The US — dispensable or indispensable | By Naveed Aman Khan


The US — dispensable or indispensable

THE US-made Afghan disaster has become the butt of the joke the world over.

The USA took four presidents, thousands of lives, trillions of dollars and 20 years to replace the Taliban with the Taliban.

It seems the United States foreign policy establishment is finally coming to grips with the idea that these exhausting, expensive wars in the Greater Middle East are not only costly $6.4 trillion and counting but are also weakening US economy and standing in the world, especially vis-a-vis its strategic competitors, China and Russia.

The US and Afghanistan seem to be curbing their ambitions, lowering their expectations and moderating their positions after the two decades long war, which left Afghanistan in a disastrous limbo.

The war and the US occupation has ended and the dust is finally settling in Afghanistan. What the future holds for the Afghan nation or for the main protagonists, the US and the Taliban?

Now have the curtains of death been closed on the theatre of Afghanistan? What lessons has US learned from two decades of war and occupation in Afghanistan? Withdrawal of US and NATO forces from Afghanistan was the right decision of former President Donald Trump, putting an end to US longest war.

The withdrawal of troops should have been completed few months after the assassination of Usama Bin Laden in Abbottabad. Post assassination of Usama the US and the NATO unnecessarily stayed for one more decade in Afghanistan.

The Americans have gone tired of wars as are the Afghans. Both of the nations supported the withdrawal from Afghanistan.

Post fall of Kabul the humiliating scenes in Kabul will definitely deepen the public resentment for future global escapades.

Why and how the US had gone wrong in Afghanistan, from strategy, planning and timelines to spending and oversight? America did not learn lessons from Vietnam War but it should learn the lessons from Afghanistan war before going off on another foreign adventure.
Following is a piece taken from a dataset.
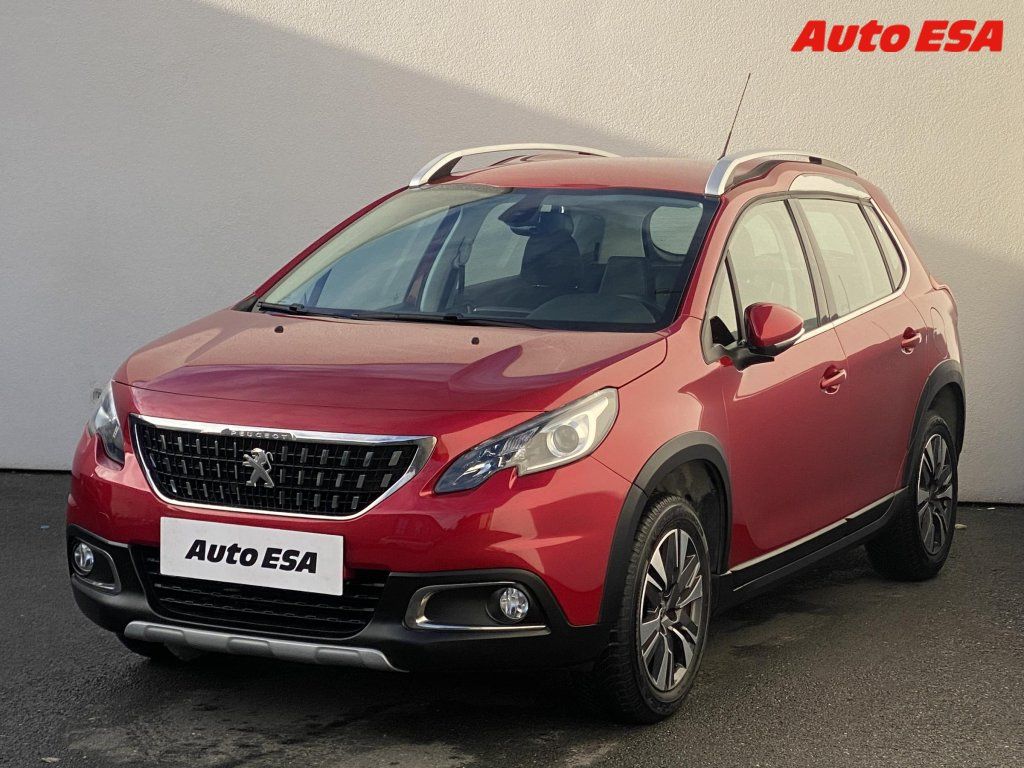 Peugeot 2008, 1.2PT,Allure,AT,navi - fotka 3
The most important lesson of all is avoiding wars of choice altogether and at all costs.

In Afghanistan, it is maintaining the right to act preemptively, and at will, against any emerging threats, real or perceived.

In fact, US has defended withdrawal from Afghanistan on the basis that they do not need to be on the ground in order to act when needed, just as they do in other parts of the region.

As US tries to steer away from major troop deployments and nation-building missions, it is doubling down on its infamous global war on terror through drone bombings, covert operations, etc in the Middle East and South East Asia.

The Joe Biden Administration might have given in on the counter insurgency front, but it has not given up counter terrorism operations.

It is expected that the US may want to avoid foreign entanglements for at least the foreseeable future and, instead, try to recover some of its lost credibility by acting less recklessly when faced with similar security challenges. But then again, old habits die hard.

To avoid unnecessary escalation, US will try to influence the behaviour of the Taliban in a way that limits or prevents the emergence of future threats to US interests by working closely with Afghanistan’s neighbours, notably Pakistan and Iran, and other regional actors like Turkey, Qatar and Saudi Arabia.

Despite its repeated debacles, the US remains the world’s richest, most powerful nation with enormous leverage at its disposal.

President Joe Biden’s reviewed and rational strategy on Afghanistan is in the best interest of the US.

How receptive are the Taliban to US and Western pressure and how will they rule Afghanistan? Initial Taliban statements and behaviour signal a certain pragmatism, willingness to compromise and a realisation that the country, especially Pakistan which has quintupled to five million inhabitants, has somewhat transformed since 2001.

Taliban have won a decisive victory, but they do not want to be isolated once again as they were when they first ruled in the late 1990s. That is why the Taliban have opened dialogue with China, in order to win its recognition and aid.

China is undertaking huge infrastructural works in Pakistan, Iran and other Asian nations, as part of its strategic Belt and Road Initiative, to replace the US as Asia’s leading power.

The Taliban has granted amnesty to all and appealed civil servants and soldiers of the Ashraf Ghani regime to join its armed forces.

Taliban leaders are repeatedly saying of forming coalition government and allow girls to go to school and women to stay in their jobs, as long as they are veiled.

Judging by their most recent declarations and by their coordination with the US evacuating forces in Kabul, the Taliban leaders want to continue dialogue with the US, seeking de facto recognition and aid from Western nations and institutions, knowing all too well the country can’t be stabilised without foreign assistance.

All of this will have important repercussions on other Islamist groups that have been inspired by the Taliban victory, creating a new vicious cycle of attacks and counterattacks.

If the Taliban fails to transform into a functioning government and instead rules like a vengeful armed uprising, expect the likes of Iran and Pakistan to intervene directly or through disaffected tribal and ethnic groups.

America, the self-declared indispensable nation, has once again proven, at a high cost for itself and the world, to be utterly dispensable.

Twenty years after US invaded Afghanistan and later Iraq with the ambition to transform the entire region to its liking, one has to wonder who transformed whom.

—The writer, based in Islamabad, is book ambassador, columnist and author of several books.